WHAT IS EXPECTED. A verbatim reproduction of the lines below, from the line containing "Today I'm going" through the line containing "Hey everybody, welcome", both ends included, is the whole required output.

RECORDED DATA.
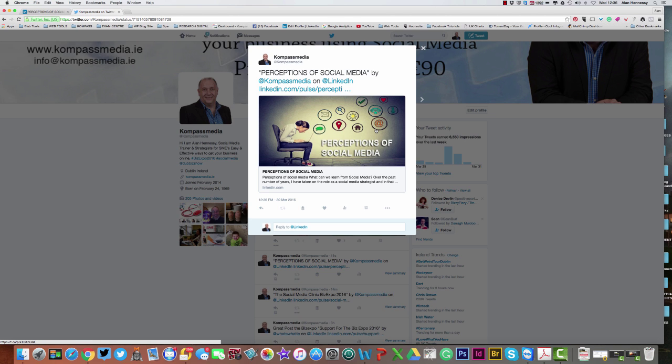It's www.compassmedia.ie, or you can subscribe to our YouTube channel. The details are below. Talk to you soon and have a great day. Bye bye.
...
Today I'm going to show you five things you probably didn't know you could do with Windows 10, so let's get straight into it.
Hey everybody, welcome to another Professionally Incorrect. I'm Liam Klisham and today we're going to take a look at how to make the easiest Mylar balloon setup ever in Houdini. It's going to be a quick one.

RESULT OF THE TASK.
Today I'm going to show you five things you probably didn't know you could do with Windows 10, so let's get straight into it.
Hey everybody, welcome to another Professionally Incorrect. I'm Liam Klisham and today we're going to take a look at how to make the easiest Mylar balloon setup ever in Houdini. It's going to be a quick one.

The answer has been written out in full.